Tout a commencé par une belle journée de printemps, un mardi je crois, en l'an -12000 avant notre ère. Zgarbif revient de chasser le mammouth et a envie de se souvenir de cette belle journée pour la raconter à ses enfants quand ils seront nés. Zgarbif dessine alors sur le mur ce qu'il vient de vivre… Le stockage d'information est né. Par la simple volonté de transmettre quelque chose, l'Homme vient de mettre en route la longue aventure du stockage de données !

Faisons un long saut en avant… Dans la Mésopotamie ancienne, l'oracle veut transmettre à son roi sa dernière prédiction qu'il a mis au point à base de lecture de foie de corbeau. Impossible de déplacer le mur de la hutte, il a alors l'idée révolutionnaire de graver des pictogrammes dans une plaque de glaise séchée. L'écriture fait son apparition, la modernisation est en marche…

Tablette mésopotamienne

L’ère du papier

3000 ans avant notre ère, Otis, scribe du pharaon, raconte la vie quotidienne de son altesse en utilisant une langue écrite que son peuple a inventée, les hiéroglyphes (qui n'ont rien à envier aux pictogrammes de nos amis mésopotamiens). Là où la technique est impressionnante, c'est que son écriture n'est plus gravée sur un support friable mais dessinée à l'encre sur un parchemin de papyrus grâce à une technique de fabrication et d'utilisation des fibres de … papyrus (une plante) pour en faire un support léger, facile à transporter, à stocker et à produire… La technique du papier a fait son apparition ! Aussi impressionnant que cela puisse paraître, elle ne subira que peu d'évolution pendant près de 5000 ans. Seule la matière première changera, passant de la fibre de roseau à de la pulpe de bois permettant de faire des feuilles de papier.

Exemple de hiéroglyphes dessinés sur un papyrus

…Et de l'imprimerie

L'imprimerie a été découverte et développée en Chine au 6ème siècle, soit bien avant que la Corée et l'Occident ne découvrent cette dernière (au 15ème siècle).
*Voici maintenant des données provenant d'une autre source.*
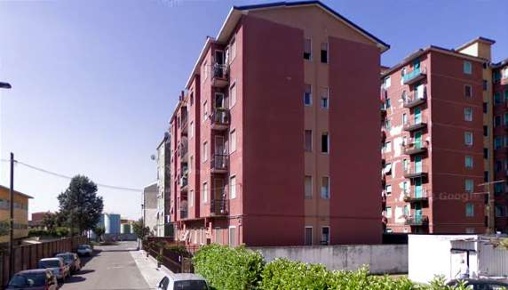 Foto Appartamento in Via Carbonari, Limbiate Centro di 51 m² con 3 locali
Le plus ancien livre imprimé daté connu est le « Sūtra du Diamant » mais il existe des textes imprimés bien plus anciens encore !

En 1040, Bi Sheng, un inventeur chinois, révolutionna l'imprimerie par l'utilisation de caractères mobiles gravés dans de la porcelaine, céramique d'argile visqueuse, durcis dans le feu et assemblés dans la résine. Cette technique sera plus tard améliorée en Corée entre 1234 et 1241 par l'utilisation de caractères mobiles en métal.

À partir du 12ème siècle, de nombreuses bibliothèques arabes et chinoises contenaient déjà des dizaines de milliers de livres imprimés. Il est ensuite probable que la technologie de l'imprimerie chinoise fut diffusée en Europe par le biais des routes commerciales d'Inde et du monde arabe.

L'entrée dans le monde moderne

Il faudra donc attendre la deuxième moitié du 18ème siècle pour voir apparaître un nouveau séisme, la découverte de l'électricité qui entraîne une plus grande maîtrise des phénomènes liés au magnétisme. C'est d'ailleurs ce phénomène qui va être au centre des premiers supports de stockage « moderne » et « automatisé ». L'homme est maintenant capable de transformer une onde sonore en un signal électrique qu'il peut retranscrire sur une bande magnétique en déposant des charges électriques sur cette dernière. La technique n'est pas parfaite mais sera la base de nombreuses évolutions…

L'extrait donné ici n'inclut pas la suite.